#### Prompt
With the records below as your source, retype each line exactly from the top down to the line that contains "Krizia Front Placket", and include that line.

#### Supplied records
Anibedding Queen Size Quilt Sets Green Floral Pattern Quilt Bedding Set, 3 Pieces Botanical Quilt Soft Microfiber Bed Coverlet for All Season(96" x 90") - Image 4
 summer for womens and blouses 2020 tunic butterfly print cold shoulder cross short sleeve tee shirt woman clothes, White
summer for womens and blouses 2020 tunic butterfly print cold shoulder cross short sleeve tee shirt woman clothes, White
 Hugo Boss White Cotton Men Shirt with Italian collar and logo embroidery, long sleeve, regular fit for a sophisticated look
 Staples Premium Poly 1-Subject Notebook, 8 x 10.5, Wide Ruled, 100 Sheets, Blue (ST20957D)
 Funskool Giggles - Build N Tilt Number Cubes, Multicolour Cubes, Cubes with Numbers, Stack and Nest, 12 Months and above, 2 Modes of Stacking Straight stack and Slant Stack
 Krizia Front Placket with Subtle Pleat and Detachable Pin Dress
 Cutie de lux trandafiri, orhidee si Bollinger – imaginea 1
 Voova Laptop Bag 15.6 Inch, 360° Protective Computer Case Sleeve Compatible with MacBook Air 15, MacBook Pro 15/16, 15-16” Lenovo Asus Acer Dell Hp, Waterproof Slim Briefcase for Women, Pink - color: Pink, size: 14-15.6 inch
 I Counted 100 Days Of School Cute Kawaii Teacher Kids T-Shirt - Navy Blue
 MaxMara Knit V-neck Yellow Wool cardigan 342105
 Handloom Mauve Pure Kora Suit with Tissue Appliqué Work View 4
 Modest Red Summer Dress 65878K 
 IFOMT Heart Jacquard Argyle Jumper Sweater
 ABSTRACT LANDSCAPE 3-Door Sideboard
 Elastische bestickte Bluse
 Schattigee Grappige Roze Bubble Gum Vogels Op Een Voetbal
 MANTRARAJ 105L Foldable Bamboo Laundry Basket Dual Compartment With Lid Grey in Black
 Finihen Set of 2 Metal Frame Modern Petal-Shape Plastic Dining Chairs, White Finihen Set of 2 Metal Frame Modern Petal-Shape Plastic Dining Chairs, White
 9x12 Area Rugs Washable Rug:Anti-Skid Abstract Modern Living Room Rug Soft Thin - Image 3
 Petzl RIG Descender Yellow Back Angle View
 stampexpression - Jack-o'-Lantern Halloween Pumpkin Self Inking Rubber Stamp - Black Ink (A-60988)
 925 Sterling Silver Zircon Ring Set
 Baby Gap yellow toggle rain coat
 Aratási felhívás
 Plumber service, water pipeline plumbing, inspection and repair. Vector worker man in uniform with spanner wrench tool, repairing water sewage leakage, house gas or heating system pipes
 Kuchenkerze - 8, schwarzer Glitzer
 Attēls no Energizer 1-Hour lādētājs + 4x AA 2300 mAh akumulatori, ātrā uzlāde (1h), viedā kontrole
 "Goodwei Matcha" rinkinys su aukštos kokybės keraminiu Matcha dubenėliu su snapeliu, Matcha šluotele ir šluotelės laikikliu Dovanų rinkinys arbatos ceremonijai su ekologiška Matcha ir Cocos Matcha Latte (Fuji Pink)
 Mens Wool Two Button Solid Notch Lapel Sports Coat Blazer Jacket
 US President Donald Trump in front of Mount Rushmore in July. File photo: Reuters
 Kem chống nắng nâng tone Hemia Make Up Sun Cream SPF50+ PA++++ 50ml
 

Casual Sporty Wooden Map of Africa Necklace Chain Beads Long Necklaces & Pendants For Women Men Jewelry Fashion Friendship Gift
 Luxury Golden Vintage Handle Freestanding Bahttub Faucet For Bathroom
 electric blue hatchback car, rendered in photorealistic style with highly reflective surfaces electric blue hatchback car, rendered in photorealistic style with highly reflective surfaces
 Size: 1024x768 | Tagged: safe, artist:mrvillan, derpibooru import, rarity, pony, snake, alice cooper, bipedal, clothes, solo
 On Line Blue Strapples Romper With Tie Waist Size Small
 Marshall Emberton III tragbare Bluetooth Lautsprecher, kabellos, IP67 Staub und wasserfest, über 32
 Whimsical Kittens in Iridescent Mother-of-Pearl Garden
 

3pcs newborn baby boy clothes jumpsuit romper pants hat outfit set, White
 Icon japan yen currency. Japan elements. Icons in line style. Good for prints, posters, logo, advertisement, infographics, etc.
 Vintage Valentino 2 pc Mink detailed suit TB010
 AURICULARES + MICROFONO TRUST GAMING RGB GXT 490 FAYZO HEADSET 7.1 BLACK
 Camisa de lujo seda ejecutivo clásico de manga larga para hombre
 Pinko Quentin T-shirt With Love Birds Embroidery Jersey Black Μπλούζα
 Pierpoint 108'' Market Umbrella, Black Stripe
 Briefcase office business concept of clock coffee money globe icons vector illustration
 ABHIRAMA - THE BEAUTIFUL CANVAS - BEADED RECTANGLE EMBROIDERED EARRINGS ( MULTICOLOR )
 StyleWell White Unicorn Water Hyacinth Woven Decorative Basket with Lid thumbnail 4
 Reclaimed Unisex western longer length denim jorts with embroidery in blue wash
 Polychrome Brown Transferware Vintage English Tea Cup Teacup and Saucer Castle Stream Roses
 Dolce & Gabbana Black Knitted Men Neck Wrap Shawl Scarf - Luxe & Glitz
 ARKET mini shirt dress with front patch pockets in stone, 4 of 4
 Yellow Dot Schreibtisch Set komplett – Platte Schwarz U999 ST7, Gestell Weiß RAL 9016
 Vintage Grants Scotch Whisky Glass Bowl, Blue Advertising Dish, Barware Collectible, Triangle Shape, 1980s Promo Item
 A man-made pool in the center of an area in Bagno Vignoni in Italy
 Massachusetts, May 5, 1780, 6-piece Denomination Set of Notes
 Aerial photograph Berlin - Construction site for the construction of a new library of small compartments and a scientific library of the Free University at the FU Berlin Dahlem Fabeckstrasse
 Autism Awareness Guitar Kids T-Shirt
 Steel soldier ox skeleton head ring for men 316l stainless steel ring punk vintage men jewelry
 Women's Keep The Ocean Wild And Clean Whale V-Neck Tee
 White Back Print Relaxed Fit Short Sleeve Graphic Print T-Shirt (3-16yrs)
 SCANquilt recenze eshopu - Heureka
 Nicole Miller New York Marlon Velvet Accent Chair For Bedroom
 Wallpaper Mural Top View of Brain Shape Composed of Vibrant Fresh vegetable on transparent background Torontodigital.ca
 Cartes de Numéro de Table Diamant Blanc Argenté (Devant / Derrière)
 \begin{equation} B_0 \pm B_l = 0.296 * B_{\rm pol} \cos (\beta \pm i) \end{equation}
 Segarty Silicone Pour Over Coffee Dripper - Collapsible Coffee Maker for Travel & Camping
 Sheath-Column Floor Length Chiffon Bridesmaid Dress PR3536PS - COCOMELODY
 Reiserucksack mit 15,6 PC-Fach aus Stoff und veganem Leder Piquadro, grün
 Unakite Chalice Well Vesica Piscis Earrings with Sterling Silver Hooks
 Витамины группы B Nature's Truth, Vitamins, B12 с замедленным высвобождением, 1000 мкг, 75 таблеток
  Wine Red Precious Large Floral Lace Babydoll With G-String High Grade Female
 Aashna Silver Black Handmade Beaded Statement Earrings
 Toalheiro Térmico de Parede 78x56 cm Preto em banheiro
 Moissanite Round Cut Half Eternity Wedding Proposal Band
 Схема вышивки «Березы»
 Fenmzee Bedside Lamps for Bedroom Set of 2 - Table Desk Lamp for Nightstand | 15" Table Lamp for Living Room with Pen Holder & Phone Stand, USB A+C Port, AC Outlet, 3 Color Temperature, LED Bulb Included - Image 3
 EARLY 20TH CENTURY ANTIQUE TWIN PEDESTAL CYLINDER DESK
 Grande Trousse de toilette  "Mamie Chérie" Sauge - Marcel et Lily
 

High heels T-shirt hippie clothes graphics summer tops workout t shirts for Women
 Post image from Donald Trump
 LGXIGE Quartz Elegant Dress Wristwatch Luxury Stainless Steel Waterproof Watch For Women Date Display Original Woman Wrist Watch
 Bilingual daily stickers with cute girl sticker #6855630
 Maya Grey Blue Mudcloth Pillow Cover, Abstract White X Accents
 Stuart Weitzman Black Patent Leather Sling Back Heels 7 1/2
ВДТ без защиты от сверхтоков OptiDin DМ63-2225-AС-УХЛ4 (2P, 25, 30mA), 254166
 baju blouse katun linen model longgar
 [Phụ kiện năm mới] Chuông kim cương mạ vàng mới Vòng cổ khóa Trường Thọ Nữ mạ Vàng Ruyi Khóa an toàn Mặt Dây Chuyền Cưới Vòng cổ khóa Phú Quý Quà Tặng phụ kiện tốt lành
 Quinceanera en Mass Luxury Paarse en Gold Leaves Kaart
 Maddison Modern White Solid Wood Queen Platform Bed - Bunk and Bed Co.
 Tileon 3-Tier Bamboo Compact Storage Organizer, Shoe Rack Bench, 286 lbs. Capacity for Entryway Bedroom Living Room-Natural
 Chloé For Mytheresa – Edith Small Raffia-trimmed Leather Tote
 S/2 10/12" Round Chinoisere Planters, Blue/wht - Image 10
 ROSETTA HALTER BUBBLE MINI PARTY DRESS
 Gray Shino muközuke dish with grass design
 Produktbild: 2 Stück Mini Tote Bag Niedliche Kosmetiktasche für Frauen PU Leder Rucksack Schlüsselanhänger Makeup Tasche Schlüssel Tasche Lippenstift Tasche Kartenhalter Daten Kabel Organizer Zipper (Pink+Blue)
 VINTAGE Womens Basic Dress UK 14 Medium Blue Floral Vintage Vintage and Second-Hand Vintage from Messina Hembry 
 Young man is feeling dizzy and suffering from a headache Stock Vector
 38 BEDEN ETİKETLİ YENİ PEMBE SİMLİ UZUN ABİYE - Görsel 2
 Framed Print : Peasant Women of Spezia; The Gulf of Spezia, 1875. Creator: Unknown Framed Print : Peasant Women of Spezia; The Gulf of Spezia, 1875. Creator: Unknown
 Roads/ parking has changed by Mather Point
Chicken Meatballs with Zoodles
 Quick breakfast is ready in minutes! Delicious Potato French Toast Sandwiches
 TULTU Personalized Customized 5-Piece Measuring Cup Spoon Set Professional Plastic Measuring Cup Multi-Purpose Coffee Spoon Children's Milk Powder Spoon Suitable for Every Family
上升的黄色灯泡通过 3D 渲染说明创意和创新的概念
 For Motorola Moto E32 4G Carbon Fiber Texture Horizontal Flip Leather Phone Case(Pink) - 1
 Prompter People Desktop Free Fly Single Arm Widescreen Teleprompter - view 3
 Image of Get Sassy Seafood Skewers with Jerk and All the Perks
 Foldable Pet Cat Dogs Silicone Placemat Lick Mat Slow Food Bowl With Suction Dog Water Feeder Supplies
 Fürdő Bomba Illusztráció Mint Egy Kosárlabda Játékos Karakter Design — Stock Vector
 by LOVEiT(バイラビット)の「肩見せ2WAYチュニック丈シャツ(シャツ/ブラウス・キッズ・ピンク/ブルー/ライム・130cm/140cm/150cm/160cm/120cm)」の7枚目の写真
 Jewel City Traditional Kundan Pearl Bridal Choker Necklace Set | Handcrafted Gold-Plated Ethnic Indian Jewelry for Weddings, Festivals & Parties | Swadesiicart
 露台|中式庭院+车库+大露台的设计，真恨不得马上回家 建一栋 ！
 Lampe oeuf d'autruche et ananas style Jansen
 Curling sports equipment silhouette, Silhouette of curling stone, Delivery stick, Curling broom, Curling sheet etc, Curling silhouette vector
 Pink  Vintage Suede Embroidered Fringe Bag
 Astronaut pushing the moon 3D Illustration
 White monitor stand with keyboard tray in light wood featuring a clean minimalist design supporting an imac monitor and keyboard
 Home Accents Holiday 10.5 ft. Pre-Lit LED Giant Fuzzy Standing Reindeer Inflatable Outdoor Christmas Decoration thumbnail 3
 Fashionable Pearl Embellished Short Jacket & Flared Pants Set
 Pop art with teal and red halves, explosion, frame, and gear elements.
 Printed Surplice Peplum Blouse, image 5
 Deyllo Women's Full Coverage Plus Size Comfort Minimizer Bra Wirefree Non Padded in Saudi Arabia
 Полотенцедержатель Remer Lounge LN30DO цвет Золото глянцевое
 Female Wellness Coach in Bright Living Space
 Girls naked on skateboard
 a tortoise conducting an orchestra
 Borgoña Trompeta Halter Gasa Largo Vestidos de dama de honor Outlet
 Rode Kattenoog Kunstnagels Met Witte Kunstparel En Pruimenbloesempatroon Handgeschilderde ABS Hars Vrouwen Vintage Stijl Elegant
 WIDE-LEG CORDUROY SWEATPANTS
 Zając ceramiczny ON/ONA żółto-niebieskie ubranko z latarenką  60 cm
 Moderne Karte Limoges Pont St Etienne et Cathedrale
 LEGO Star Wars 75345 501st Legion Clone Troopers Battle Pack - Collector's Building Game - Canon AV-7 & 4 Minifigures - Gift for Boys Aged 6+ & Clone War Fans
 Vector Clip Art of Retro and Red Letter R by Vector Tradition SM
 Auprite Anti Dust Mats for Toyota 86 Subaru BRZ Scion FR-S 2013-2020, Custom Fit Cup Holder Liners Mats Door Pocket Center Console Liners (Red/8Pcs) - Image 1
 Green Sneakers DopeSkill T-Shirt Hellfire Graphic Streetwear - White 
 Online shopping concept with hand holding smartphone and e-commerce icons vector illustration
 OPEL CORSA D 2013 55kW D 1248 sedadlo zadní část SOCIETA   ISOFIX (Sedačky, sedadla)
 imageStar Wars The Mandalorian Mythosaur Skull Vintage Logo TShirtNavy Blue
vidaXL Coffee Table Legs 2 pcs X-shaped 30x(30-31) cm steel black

#### Result
Anibedding Queen Size Quilt Sets Green Floral Pattern Quilt Bedding Set, 3 Pieces Botanical Quilt Soft Microfiber Bed Coverlet for All Season(96" x 90") - Image 4
 summer for womens and blouses 2020 tunic butterfly print cold shoulder cross short sleeve tee shirt woman clothes, White
summer for womens and blouses 2020 tunic butterfly print cold shoulder cross short sleeve tee shirt woman clothes, White
 Hugo Boss White Cotton Men Shirt with Italian collar and logo embroidery, long sleeve, regular fit for a sophisticated look
 Staples Premium Poly 1-Subject Notebook, 8 x 10.5, Wide Ruled, 100 Sheets, Blue (ST20957D)
 Funskool Giggles - Build N Tilt Number Cubes, Multicolour Cubes, Cubes with Numbers, Stack and Nest, 12 Months and above, 2 Modes of Stacking Straight stack and Slant Stack
 Krizia Front Placket with Subtle Pleat and Detachable Pin Dress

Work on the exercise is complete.